All Models of Learning have Flaws

Attempts to abstract and study machine learning are within some given framework or mathematical model. It turns out that all of these models are significantly flawed for the purpose of studying machine learning. I’ve created a table (below) outlining the major flaws in some common models of machine learning.

The point here is not simply “woe unto us”. There are several implications which seem important.

1. The multitude of models is a point of continuing confusion. It is common for people to learn about machine learning within one framework which often becomes there “home framework” through which they attempt to filter all machine learning. (Have you met people who can only think in terms of kernels? Only via Bayes Law? Only via PAC Learning?) Explicitly understanding the existence of these other frameworks can help resolve the confusion. This is particularly important when reviewing and particularly important for students.
2. Algorithms which conform to multiple approaches can have substantial value. “I don’t really understand it yet, because I only understand it one way”. Reinterpretation alone is not the goal—we want algorithmic guidance.
3. We need to remain constantly open to new mathematical models of machine learning.

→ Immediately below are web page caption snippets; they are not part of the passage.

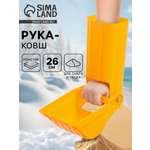 Лопатка Sima-Land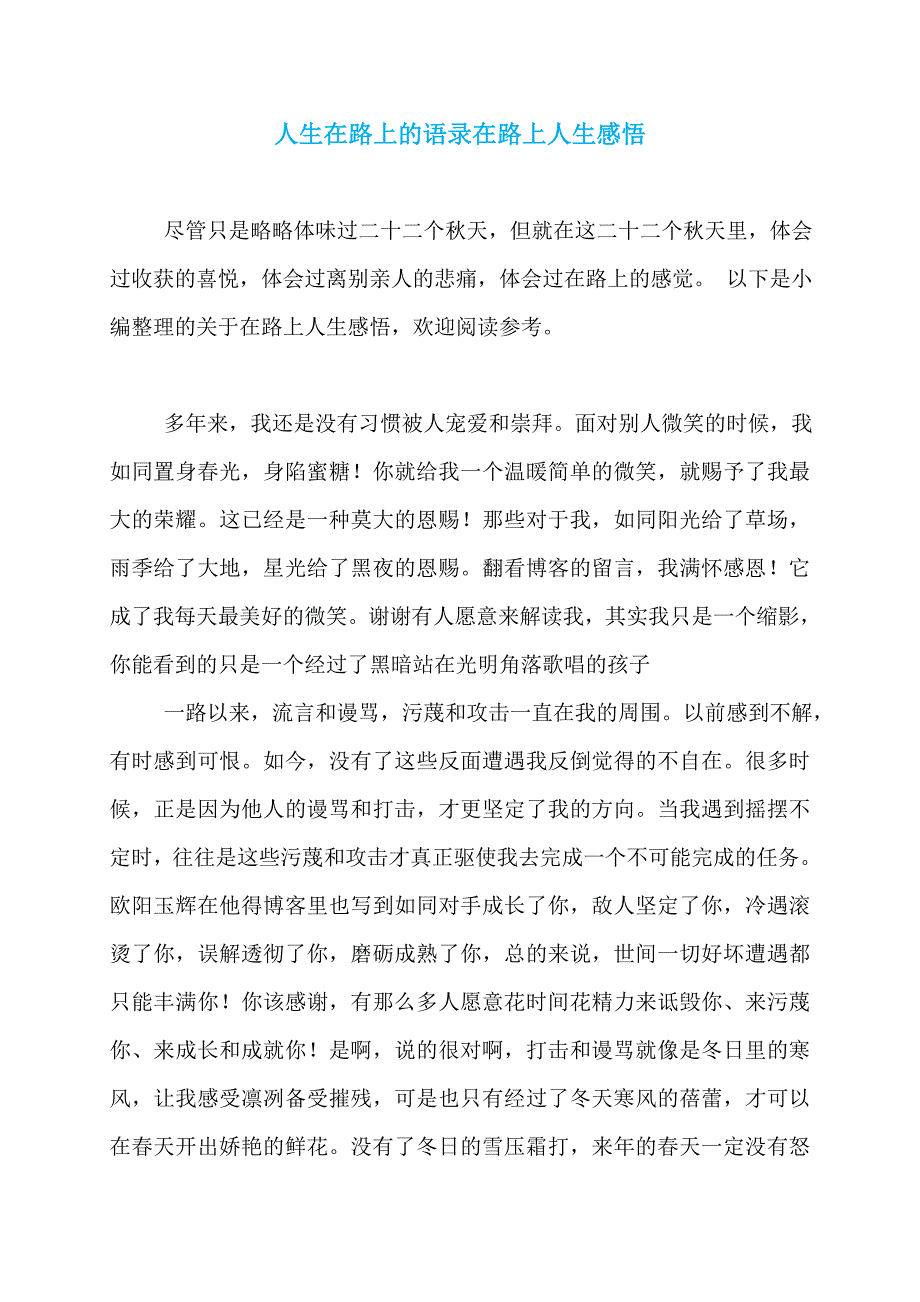 人生在路上的语录在路上人生感悟_第1页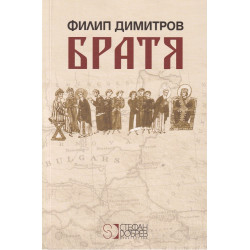 Братя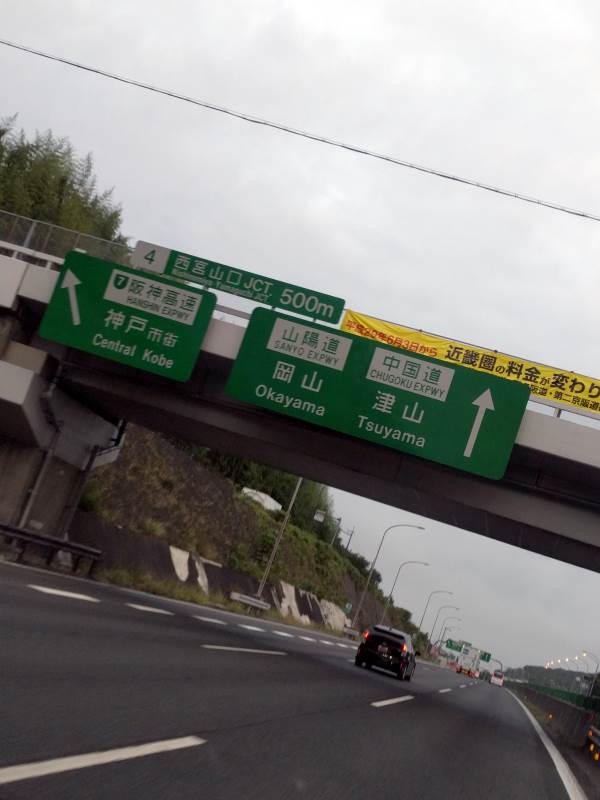 西宮山口JCT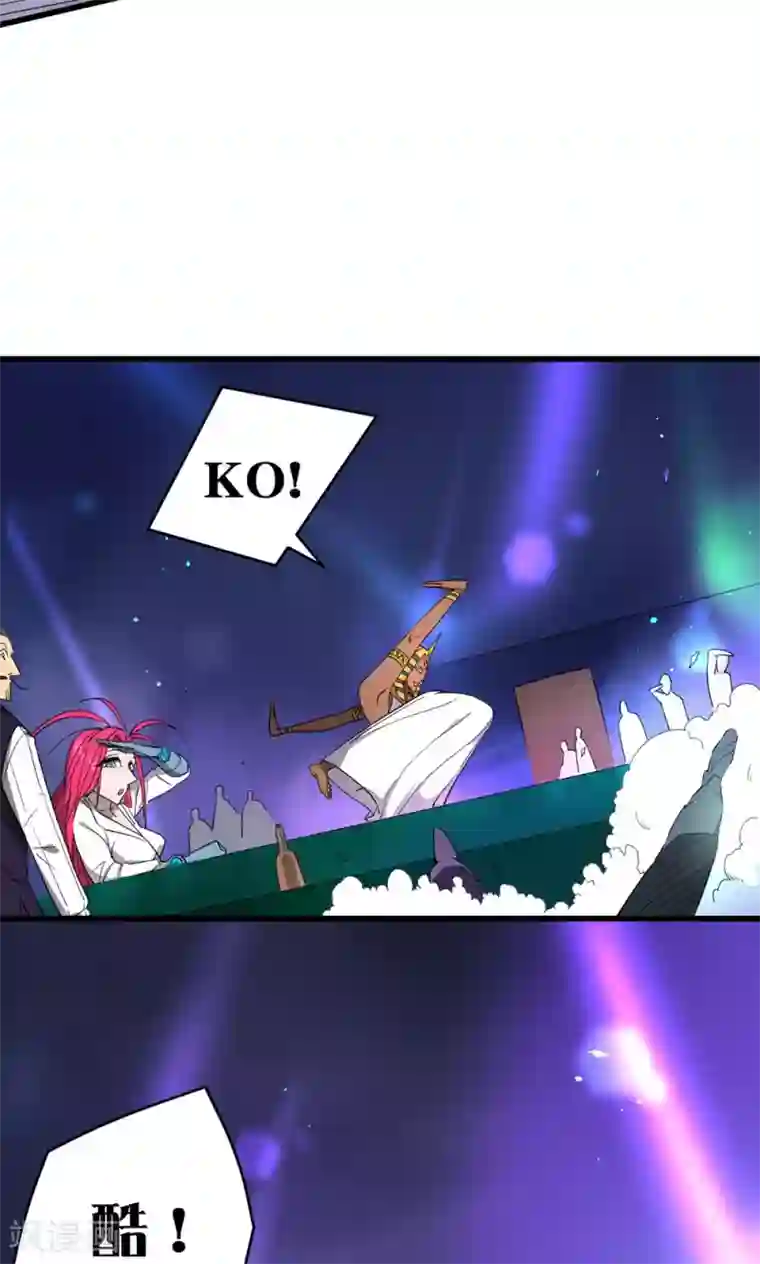 捡到一个女杀手第24话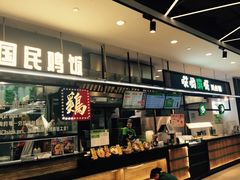 -盒马鲜生(宝地店)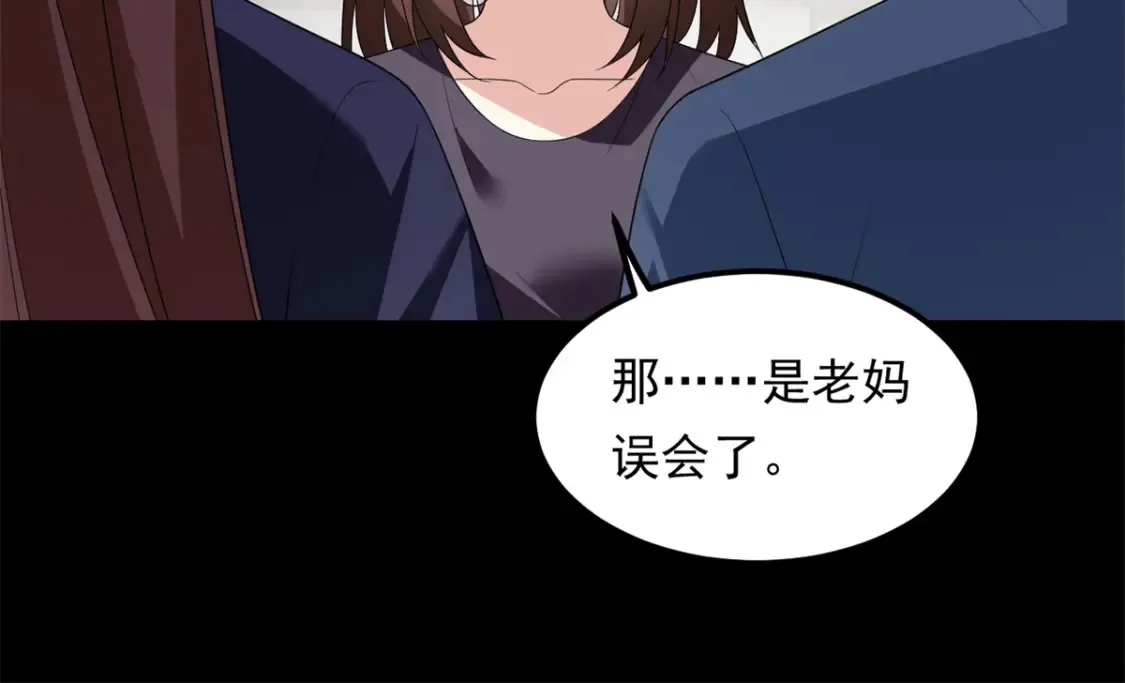 154 真人秀47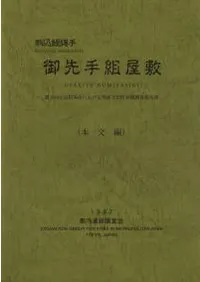  Ȳ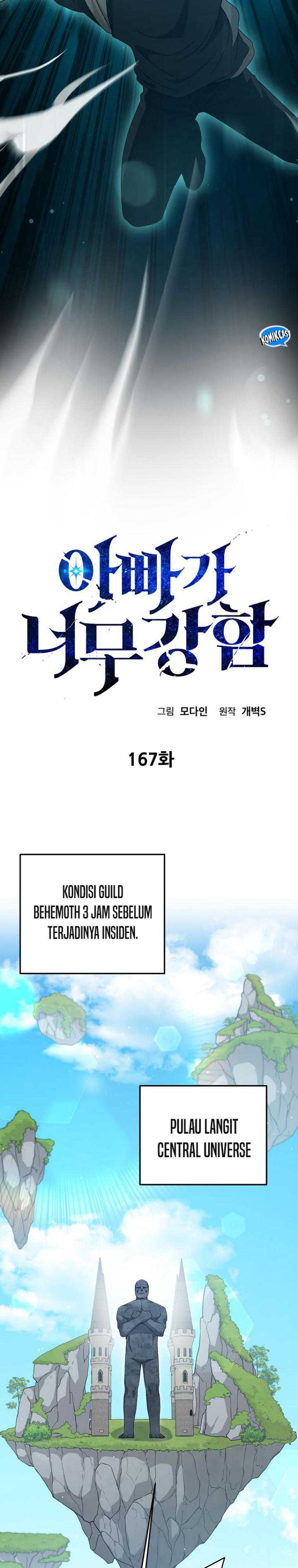 My Dad Is Too Strong Chapter 167 Gambar 6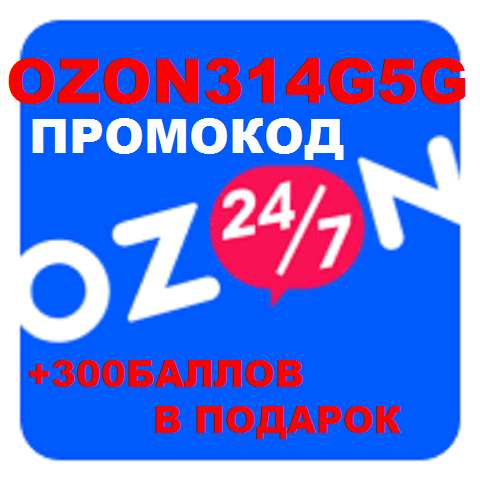 Промокод OZON3I4G5G бесплатно распродажа код скидка в фото 6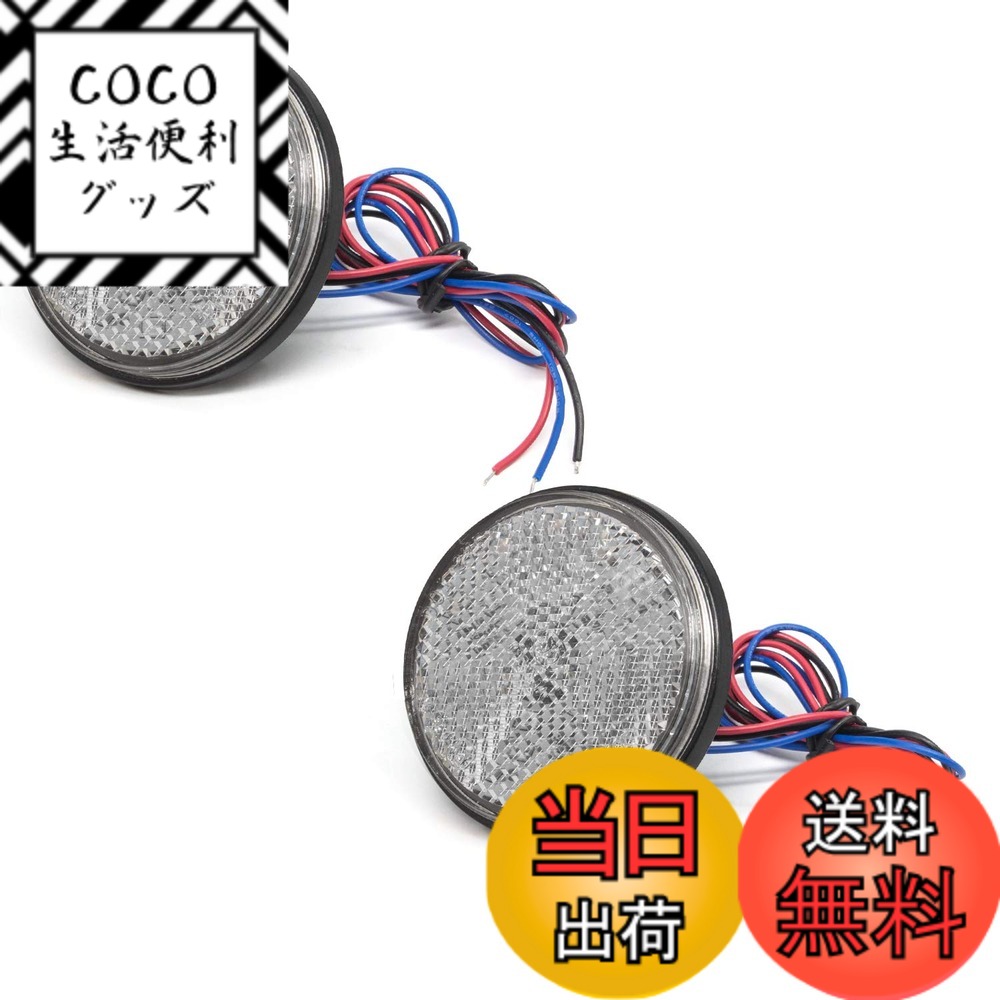 【送料無料】リフレクター バイク LED反射板 24V 車用 24連 サイドマーカーランプ ウインカー 補助ブレーキ 電飾 パーツ トラック トレーラー 丸型 汎用 クリアレンズ 2個セット（イエロー） 色：イエロー、サイズ：24V-黄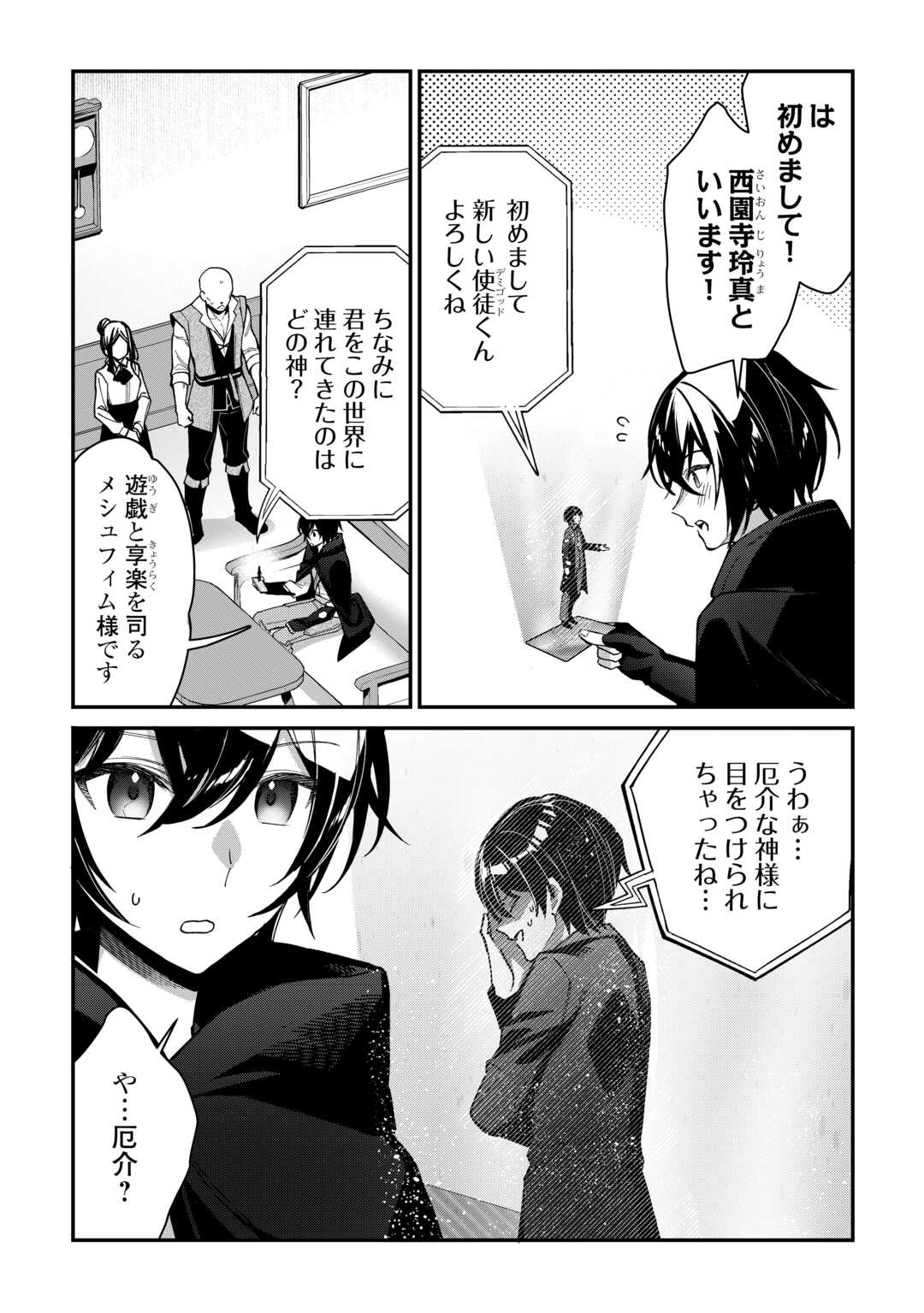 Shuzoku [Hanshin] na Ore wa Isekai Demo Futsuu ni Kurashitai - Chapter 3 - Page 2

It’s common to forget the flaws of the model that you are most familiar with in evaluating other models while the flaws of new models get exaggerated. The best way to avoid this is simply education.
4. The value of theory alone is more limited than many theoreticians may be aware. Theories need to be tested to see if they correctly predict the underlying phenomena.

Here is a summary what is wrong with various frameworks for learning. To avoid being entirely negative, I added a column about what’s right as well.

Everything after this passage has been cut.